Eliminating words, refocusing Barthes’s famous definition of theatricality as “theatre minus text”, Fret achieves a symphonic effect of images and a visual impact of music. The trademark of Fret’s style, the ineffable dimension that particularises his work in the context of ritualistic performance today, is the authenticity of his art. Never stressing the effects to the detriment of substance, always starting from the source of the story and moving towards the unpredictable reception of the show in its finite form, he creates an organic, truly genuine experience for those prepared to enter his universe. A universe they are all invited to enter not in order to lose themselves in its heightened energy, but rather to reaffirm their respective selves through conscious presence. Heidegger believed that existence meant being there.
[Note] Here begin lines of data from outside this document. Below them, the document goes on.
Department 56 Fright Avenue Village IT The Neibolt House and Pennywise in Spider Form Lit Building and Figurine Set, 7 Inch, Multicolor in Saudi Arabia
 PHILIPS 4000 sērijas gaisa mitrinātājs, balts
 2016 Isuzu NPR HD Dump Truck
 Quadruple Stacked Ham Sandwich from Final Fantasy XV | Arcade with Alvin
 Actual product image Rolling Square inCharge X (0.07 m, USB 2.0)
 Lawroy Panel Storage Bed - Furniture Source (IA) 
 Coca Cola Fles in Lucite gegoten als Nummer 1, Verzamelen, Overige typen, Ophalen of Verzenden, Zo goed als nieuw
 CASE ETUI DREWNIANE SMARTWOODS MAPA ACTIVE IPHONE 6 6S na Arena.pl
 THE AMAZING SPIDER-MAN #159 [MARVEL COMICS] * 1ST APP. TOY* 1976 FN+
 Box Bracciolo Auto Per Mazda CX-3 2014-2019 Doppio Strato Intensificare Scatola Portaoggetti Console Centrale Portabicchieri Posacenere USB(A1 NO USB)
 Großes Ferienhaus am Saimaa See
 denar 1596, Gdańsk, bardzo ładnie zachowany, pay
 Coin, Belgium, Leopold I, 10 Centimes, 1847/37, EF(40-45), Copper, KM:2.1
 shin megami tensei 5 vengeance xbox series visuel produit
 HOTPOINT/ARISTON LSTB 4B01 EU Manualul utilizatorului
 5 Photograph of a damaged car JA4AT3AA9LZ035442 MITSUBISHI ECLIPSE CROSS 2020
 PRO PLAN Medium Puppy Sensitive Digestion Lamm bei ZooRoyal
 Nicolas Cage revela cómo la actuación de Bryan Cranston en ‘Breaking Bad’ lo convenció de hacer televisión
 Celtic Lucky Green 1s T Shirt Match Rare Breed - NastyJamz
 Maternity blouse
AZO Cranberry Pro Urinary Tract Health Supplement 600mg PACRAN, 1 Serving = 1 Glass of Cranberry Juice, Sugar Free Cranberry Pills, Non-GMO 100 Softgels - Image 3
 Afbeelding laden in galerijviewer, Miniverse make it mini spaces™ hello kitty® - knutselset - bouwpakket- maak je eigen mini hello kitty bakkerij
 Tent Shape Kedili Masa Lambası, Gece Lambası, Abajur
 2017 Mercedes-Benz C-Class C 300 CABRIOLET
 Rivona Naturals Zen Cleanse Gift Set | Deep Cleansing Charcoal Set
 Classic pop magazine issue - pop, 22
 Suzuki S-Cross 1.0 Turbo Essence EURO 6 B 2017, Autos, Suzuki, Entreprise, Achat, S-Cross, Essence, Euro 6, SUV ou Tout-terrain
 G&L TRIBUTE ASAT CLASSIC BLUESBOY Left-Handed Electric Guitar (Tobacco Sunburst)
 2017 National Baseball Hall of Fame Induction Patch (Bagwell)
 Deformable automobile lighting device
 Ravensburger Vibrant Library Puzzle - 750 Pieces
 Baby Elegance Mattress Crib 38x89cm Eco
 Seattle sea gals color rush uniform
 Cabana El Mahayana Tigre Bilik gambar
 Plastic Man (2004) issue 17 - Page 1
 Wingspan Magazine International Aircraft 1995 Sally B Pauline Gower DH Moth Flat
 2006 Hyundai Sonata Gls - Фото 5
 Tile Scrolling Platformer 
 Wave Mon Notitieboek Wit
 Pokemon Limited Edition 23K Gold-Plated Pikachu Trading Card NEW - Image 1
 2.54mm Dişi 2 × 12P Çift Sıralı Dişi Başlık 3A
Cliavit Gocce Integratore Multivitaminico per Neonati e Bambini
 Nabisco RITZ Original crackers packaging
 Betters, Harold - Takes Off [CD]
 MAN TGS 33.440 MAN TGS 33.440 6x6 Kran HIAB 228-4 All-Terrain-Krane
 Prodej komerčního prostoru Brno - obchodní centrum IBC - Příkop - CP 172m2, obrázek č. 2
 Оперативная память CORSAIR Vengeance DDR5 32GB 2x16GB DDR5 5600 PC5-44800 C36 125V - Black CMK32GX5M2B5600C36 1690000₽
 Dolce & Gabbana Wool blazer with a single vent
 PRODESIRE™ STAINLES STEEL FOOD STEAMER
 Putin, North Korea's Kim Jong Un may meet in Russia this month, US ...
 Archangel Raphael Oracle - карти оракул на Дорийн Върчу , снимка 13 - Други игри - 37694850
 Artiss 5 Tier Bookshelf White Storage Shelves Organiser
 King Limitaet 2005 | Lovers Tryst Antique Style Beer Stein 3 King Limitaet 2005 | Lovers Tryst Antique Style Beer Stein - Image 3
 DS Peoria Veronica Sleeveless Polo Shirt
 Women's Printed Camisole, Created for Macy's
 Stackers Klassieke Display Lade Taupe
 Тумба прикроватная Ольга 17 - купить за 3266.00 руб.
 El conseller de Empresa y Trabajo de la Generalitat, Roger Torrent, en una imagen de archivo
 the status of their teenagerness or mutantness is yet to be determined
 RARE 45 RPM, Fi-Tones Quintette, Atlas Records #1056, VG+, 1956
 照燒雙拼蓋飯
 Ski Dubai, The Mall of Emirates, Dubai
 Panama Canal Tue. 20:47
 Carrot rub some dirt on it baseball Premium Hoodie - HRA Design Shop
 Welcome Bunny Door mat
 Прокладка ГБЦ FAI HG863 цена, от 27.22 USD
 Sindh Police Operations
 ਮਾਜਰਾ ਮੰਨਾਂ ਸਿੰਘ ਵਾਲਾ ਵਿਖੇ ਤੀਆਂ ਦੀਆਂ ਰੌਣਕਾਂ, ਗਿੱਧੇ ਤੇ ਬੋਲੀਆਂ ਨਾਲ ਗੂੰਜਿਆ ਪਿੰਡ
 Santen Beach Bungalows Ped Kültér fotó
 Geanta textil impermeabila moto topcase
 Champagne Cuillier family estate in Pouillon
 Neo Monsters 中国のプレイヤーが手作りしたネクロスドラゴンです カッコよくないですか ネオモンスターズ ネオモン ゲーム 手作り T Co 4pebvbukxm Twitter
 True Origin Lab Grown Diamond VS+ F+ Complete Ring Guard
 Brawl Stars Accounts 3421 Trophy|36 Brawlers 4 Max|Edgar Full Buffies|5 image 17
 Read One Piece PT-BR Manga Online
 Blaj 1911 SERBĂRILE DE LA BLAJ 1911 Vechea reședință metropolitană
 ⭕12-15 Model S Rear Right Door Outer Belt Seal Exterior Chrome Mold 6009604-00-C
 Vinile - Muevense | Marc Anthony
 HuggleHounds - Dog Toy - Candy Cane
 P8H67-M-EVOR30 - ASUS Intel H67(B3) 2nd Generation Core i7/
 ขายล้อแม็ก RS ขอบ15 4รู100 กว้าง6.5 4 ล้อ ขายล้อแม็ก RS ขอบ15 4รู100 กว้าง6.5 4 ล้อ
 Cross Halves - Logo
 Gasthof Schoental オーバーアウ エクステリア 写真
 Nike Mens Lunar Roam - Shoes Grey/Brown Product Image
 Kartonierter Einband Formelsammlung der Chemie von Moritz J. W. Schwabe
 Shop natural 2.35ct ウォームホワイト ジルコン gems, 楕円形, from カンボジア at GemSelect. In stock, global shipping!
In Fret’s definition of the theatrical encounter, the existence of the victim is justified through the performer’s being there, which is in turn legitimised only by the spectator’s witnessing. Consequently, theatre criticism becomes a testament to this process of witnessing, more than a retrospective rational analysis of that which belongs in the realm of spiritual participation.
We are all Armine
Fret’s adventure into the traumatic memory of the Armenian past has an immediacy beyond its historical meaning. His show is the opposite of docudrama, far removed from the patterns of storytelling involved in the engaged, militant “community theatre”. Indeed, this way of understanding history and the approach to presenting it on stage have almost nothing in common with the attempts of so many contemporary directors who feel the urge to recompose cultural memory from the fragments of archive material. Fret deconstructs history, aiming to make it real, turning it into the tangible humanity of the actors. Particularly in the context of Polish theatre, so often obsessed with the damages wrought by the twentieth century within a national framework, his sense of rereading and rewriting the text of history through theatre is simply unique. It creates an improbable balance between the clear accuracy of the story, in terms of both time and space, and the unmistakable universality and atemporality of its meaning. Armine, Sister avoids any present-day association. It defies any temptation to equate the suffering of Armine with the ordeal of contemporary victims of any kind. Yet, despite all its sense of historical specificity, the enduring message of Fret’s creation touches upon the existence of each and every single person in the audience, who begins empathising with the “pain of others”, past or present, close or far away. Thanks to this epiphany, any critique of the show in fact becomes the spiritual testimony of a reliable witness.